If you like 4th Edition D&D but prefer faster combat, a more story-focused flow, and a refinement for some more esoteric rules, this is your game. 13th Age is available in hardcopy and PDF at Pelgrane Press or PDF only at Drive Thru RPG.


  1. I thought the Icon relationships were something the player chooses to invoke, almost like a divine favor when things look dire; did that change in the final text?

    • I think that changed. Versions I played at Gencon this year had something like that. You rolled and if it was good you got some free shit. This version, I interpret, has more of a pull on the direction of the game itself. The GM is, of course, free to use it or not as they will, but to dismiss it or put too little energy behind it removes the power it can have on the game. The more authority you give the relationships, though, the harder it is to focus the game.

      In my own game, I think I’m going to limit the number of available icons so every icon can have a bigger pre-determined role in the focus of the campaign.

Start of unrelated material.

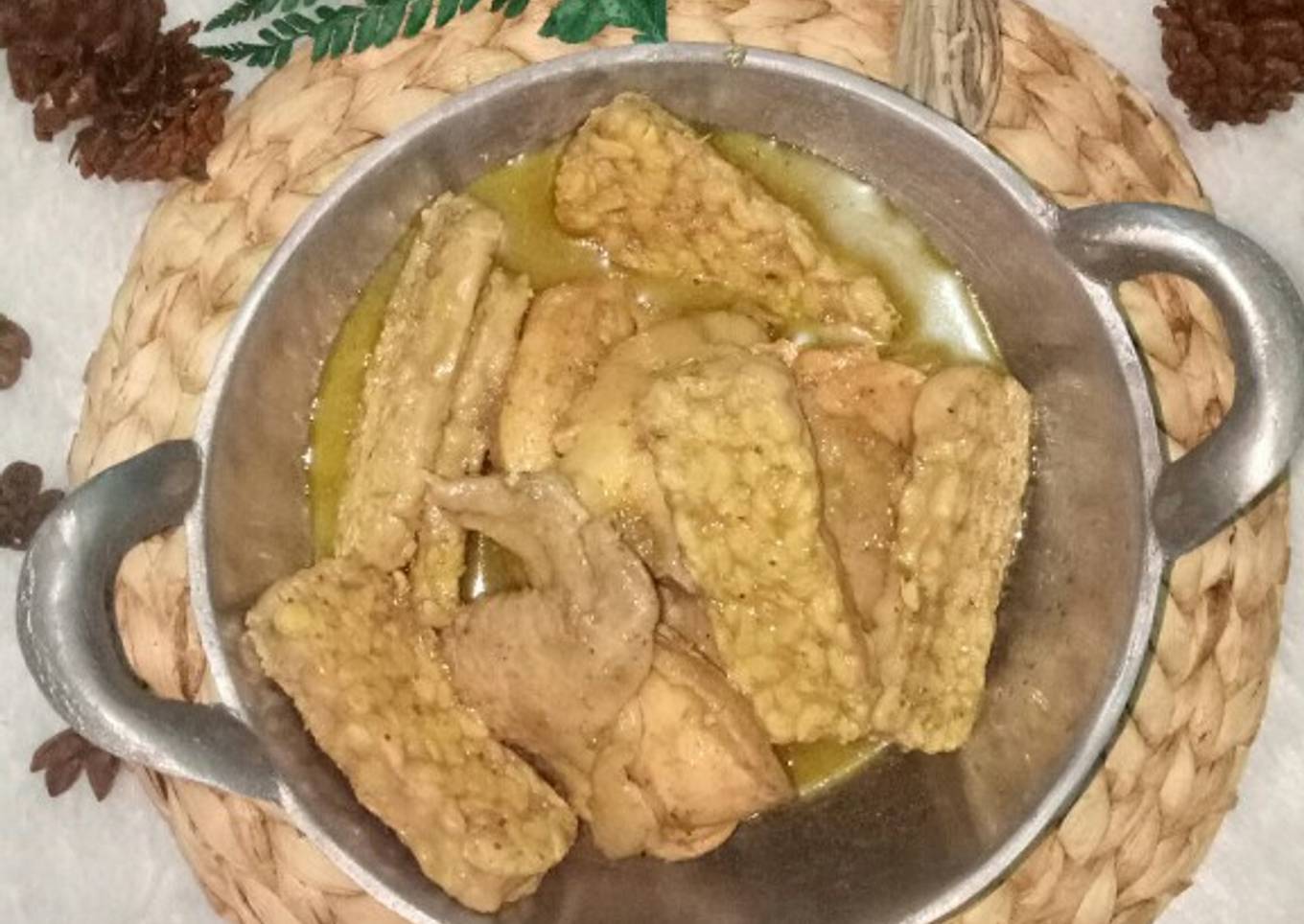 Opor ayam tempe bumbu racik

  2. Excellent review. As an alternative, the book suggests that players can roll their Icon relationships at the end of the session for the next one. This lets you incorporate the results in your game planning.

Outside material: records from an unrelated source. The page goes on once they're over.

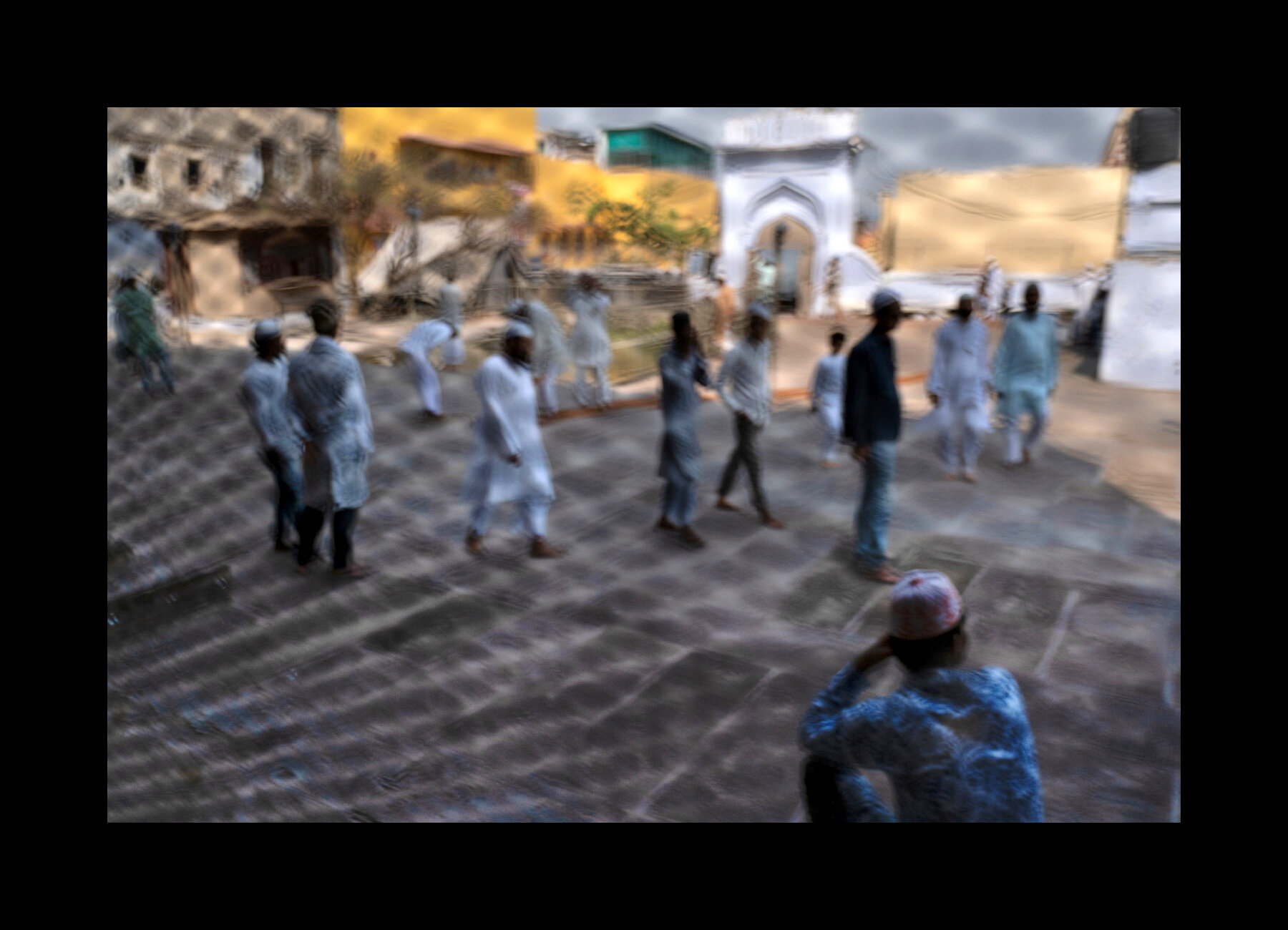  The Friday prayers at the Alamgir Mosque, built in the 16th Century, in Varanasi, India. 2019 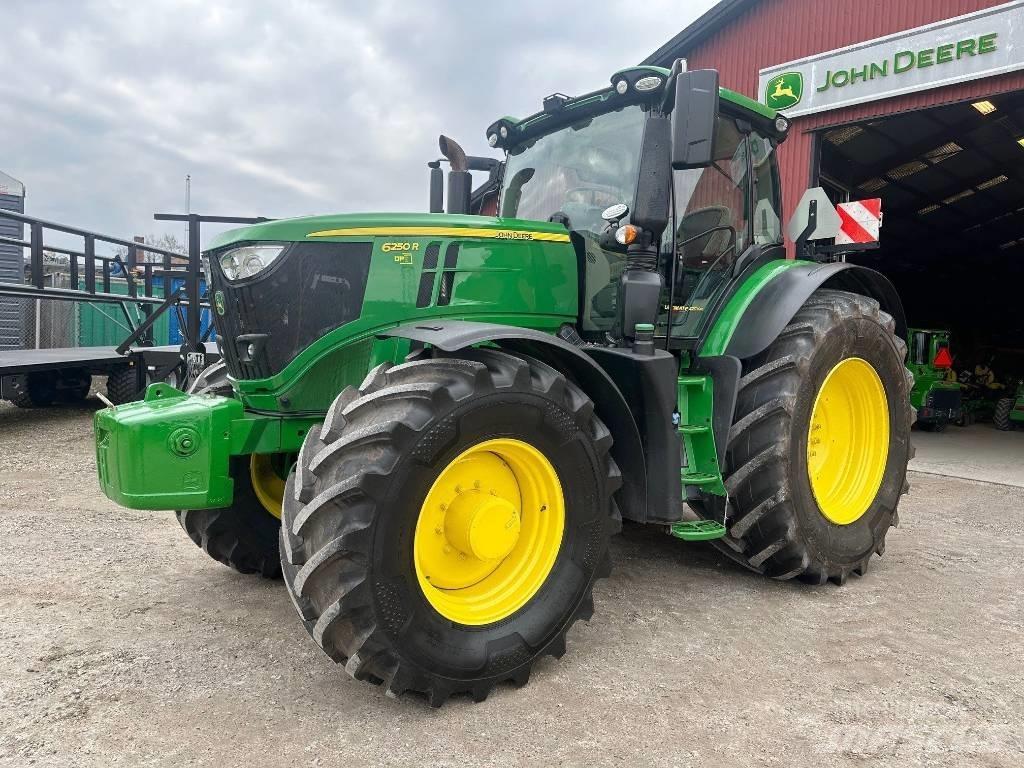 John Deere 6250R Tractoare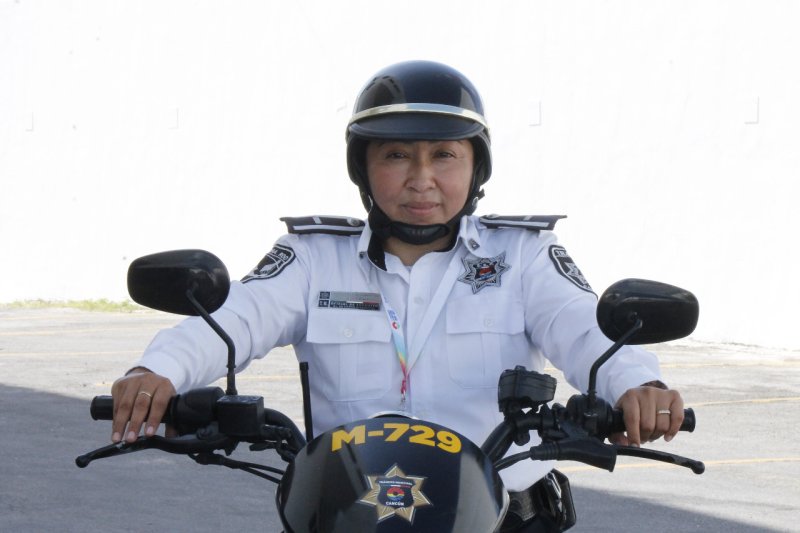 Las oficiales de la Policía de Cancún ejemplo de determinación por servir y proteger.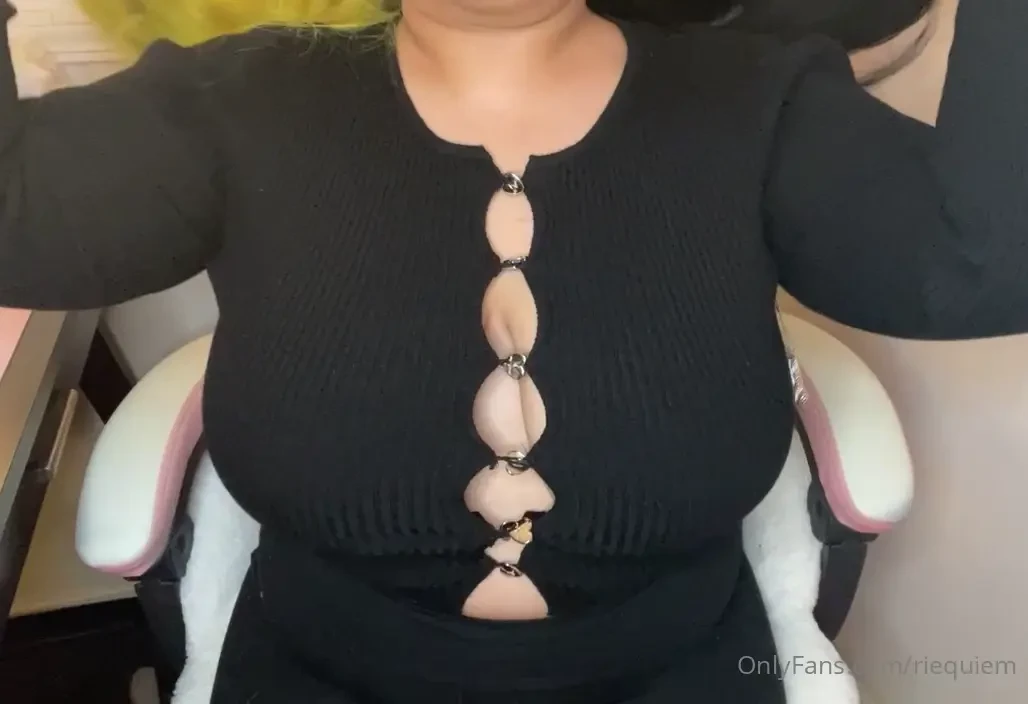 Some of y all have messaged and requested more bouncing jumping videos 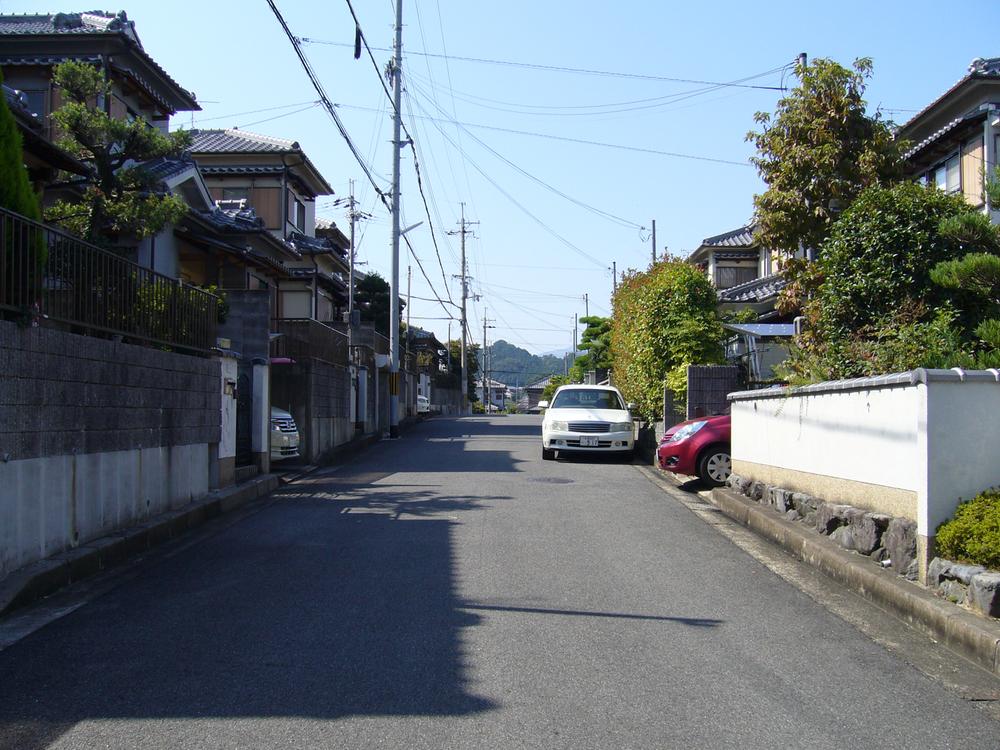 Local photos, including front road. Local (10 May 2013) Shooting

    @Null: The Icon Relationship can be used in various ways, but IIRC the text sells it as a GM triggered advantage, mostly as a way to deliver Magic Items to players through agents of the icons.

    • As far as I can tell, the rules for invoking icons did change between the earlier playtests Nullzone and I played and the published book (which seems a bit more abstract about it, and I think I prefer the earlier version.)

    • I have the problem they describe in the book that I never know which players will be available for any one game so rolling at the end of the last session doesn’t always help. Also, I like being forced to not know how things will go even though it puts a lot of stress on improvisation skills at the table.

  3. I’ve got my hardcover copy of 13th Age and it’s both beautifully made and packed with very interesting ideas. I’m looking forward to running a session, but we probably won’t get there until 2014, as we’re just starting up a new Star Wars game.

    • I think that’s going to be the biggest limitation on all of these new games coming out. It’s still really hard to get a group of people together to game regularly. I’m swamped with about six games a month and I still can’t play all the systems I want to.

      Attention, not money, has become the limited commodity of the internet age.

      • I couldn’t agree more. Back in the day, we gamed weekly at a minimum, but now that we’re all “mature” gamers, with kids and lives and such, our group is doing very well if we can get together every couple of weeks, and it usually ends up being every three. Maintaining any momentum at all can be a chore with that kind of schedule.

        Add in all the hot new games that we’re eager to try, and it starts to look like we’ll have to wait for retirement before we’ll be able to fit everything in.

  4. richgreen01 says:

    Great review. I think you’re right about icon relationships being the biggest challenge to the DM’s improvisation skills, but they also represent one of the game’s key strengths by putting the characters’ backgrounds and allegiances at the heart of the story. I’ve got a year more of my 4e Parsantium campaign to run, but I think we may well use 13th Age for the next one.

  5. As a note, I’m running a game with two Sorcerers, and I’d always felt like classes can feel very different, and this game I’m running supports such. Basically, you need to focus more on Talents than a difference in powers/spells for the first few levels. But those talents can produce very different feels.

    For example, one sorcerer likes to be decently away and blast without being in swing range. The other as a spell fist likes to be right up in their face, using her custom hooked chains spell on them.